Hospital Settles Case Over ICD Battery Replacement; Medical Necessity Cases Are 'Evolving'

When Stacy Gerber Ward was an assistant U.S. attorney in Wisconsin in 2002, she investigated a cardiologist for implanting cardiac stents imported from a foreign country that weren’t approved by the Food and Drug Administration (FDA) for use in humans, but “there was great reticence” in her office about pursuing questions of medical necessity as health care fraud. Times have changed, however, and “that reticence has evaporated,” said Ward, now with von Briesen & Roper. The Department of Justice (DOJ) is now all-in on lack of medical necessity as a False Claims Act (FCA) violation although the premise has been “hotly contested.”

“There’s been quite a bit of litigation in this area,” especially when there’s a risk of patient harm, Ward said Sept. 14 at a webinar sponsored by the Health Care Compliance Association.[1]

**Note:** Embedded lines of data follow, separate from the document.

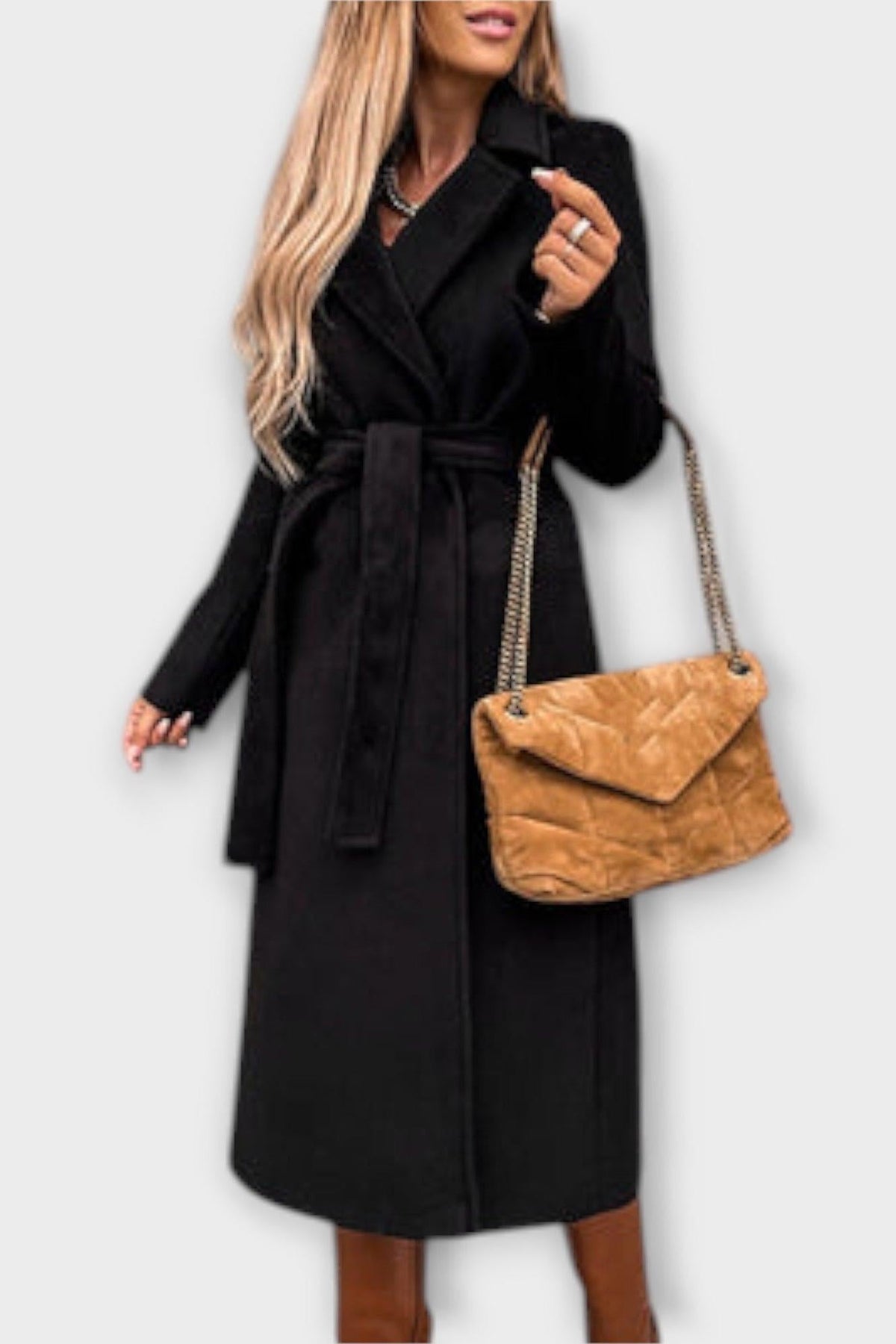 Giacca Eliza Millea: Eleganza e Stile per Ogni Occasione!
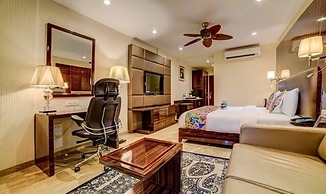 FabHotel Prime Sarala Crown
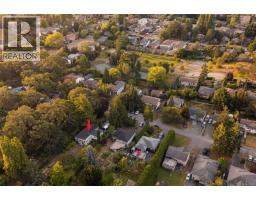 950 Dunn Ave, Saanich, BC V8X2Z4 Photo 40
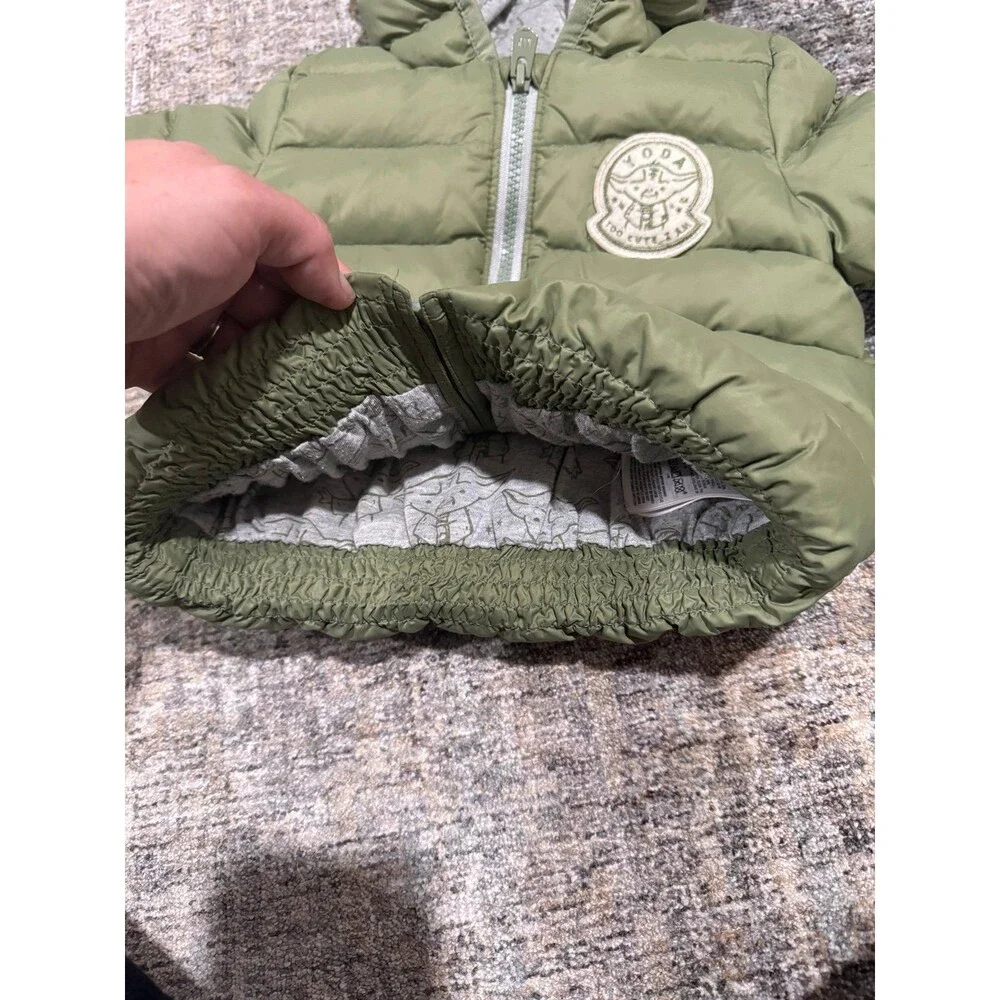 GAP baby yoda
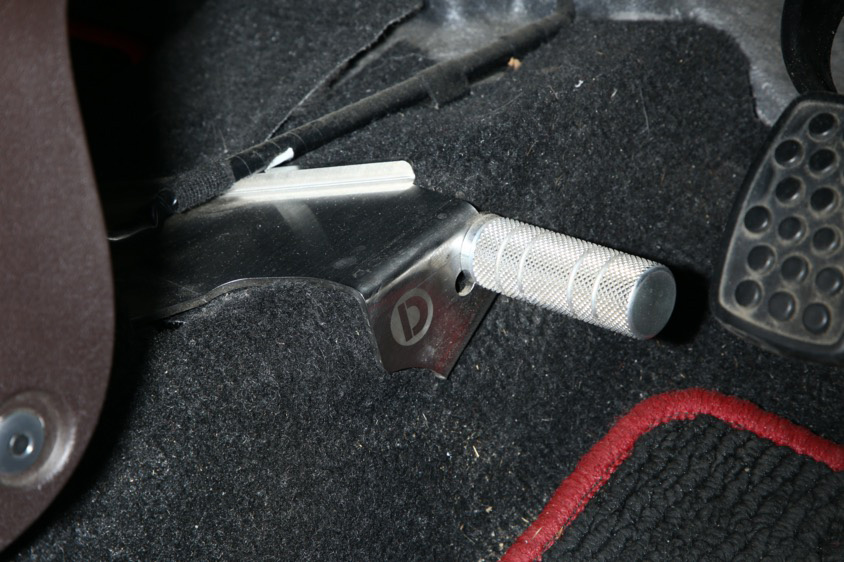 ダイハツのコペン・ローブのフットレストバー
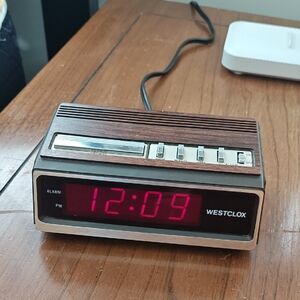 Westclox Brown and Silver Vintage Radio Alarm Clock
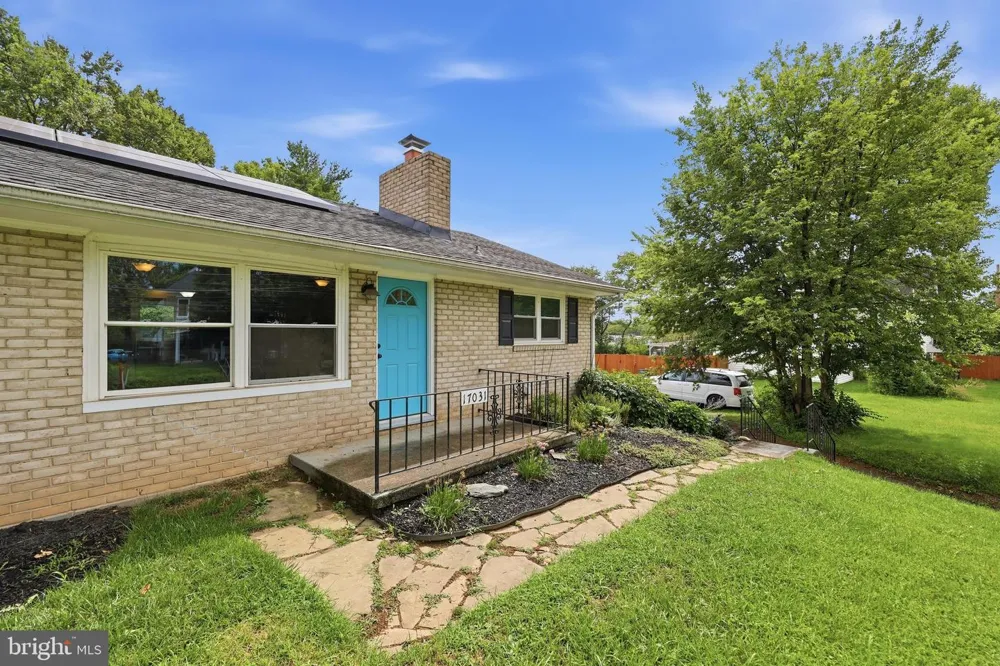 17031 VIRGINIA AVENUE Williamsport, MD 21795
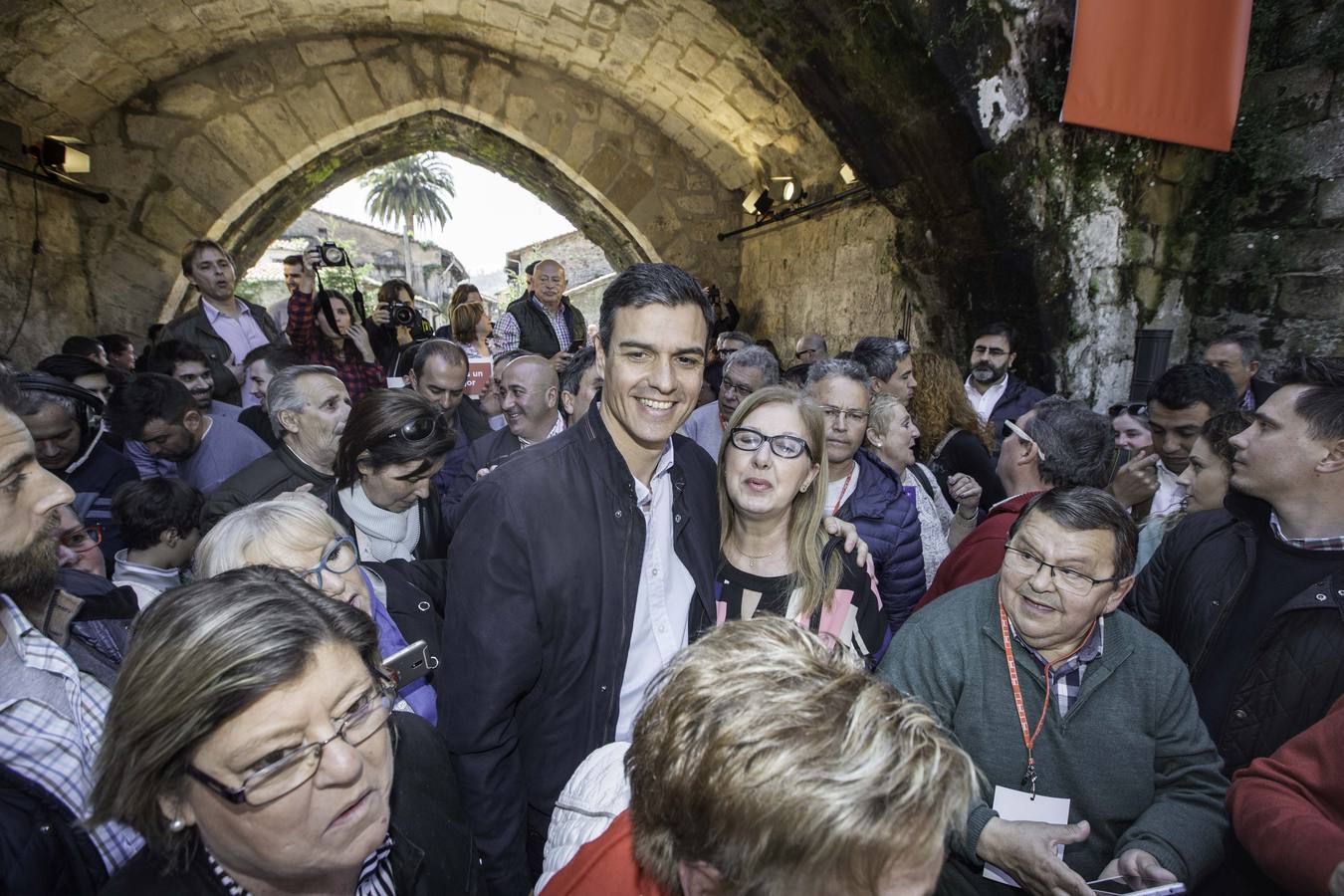 El secretario general del PSOE ha presidido este sábado la clausura de unas jornadas sobre municipalismo organizadas por los socialistas cántabros en Cartes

Apparently, the message has gotten out because some providers cut to the chase with self-disclosures. Hot off the presses: New York-Presbyterian/Queens Hospital agreed to pay $2.5 million to settle false claims allegations over the medically unnecessary replacement of pulse generator batteries for implantable cardioverter defibrillators (ICDs) by a former physician, the U.S. Attorney’s Office for the Eastern District of New York said Sept. 14.[2] The settlement stemmed from the hospital’s self-disclosure to the HHS Office of Inspector General. According to the settlement, the government alleged the hospital submitted Medicare and Medicaid claims for replacing ICD batteries that weren’t medically necessary and “posed risks to patients” from Jan. 14, 2009, through July 9, 2014.[3] Because the physician at the heart of the settlement—who was previously affiliated with New York-Presbyterian/Queens Hospital— allegedly repeatedly replaced ICD batteries when they were still functional, he “subjected his patients to unneeded and risky surgical procedures,” a press release said.

Depending on the fact pattern, cases over medical necessity can be hard to prove because there’s a degree of subjectivity, Ward said. For example, in the case she handled as an assistant U.S. attorney, “one of the doctor’s key themes in his defense was that, despite the fact that he was using stents that had not been approved by the FDA, he was saving lives and that it should fall within the physician’s judgment to select an appropriate device for his patients.”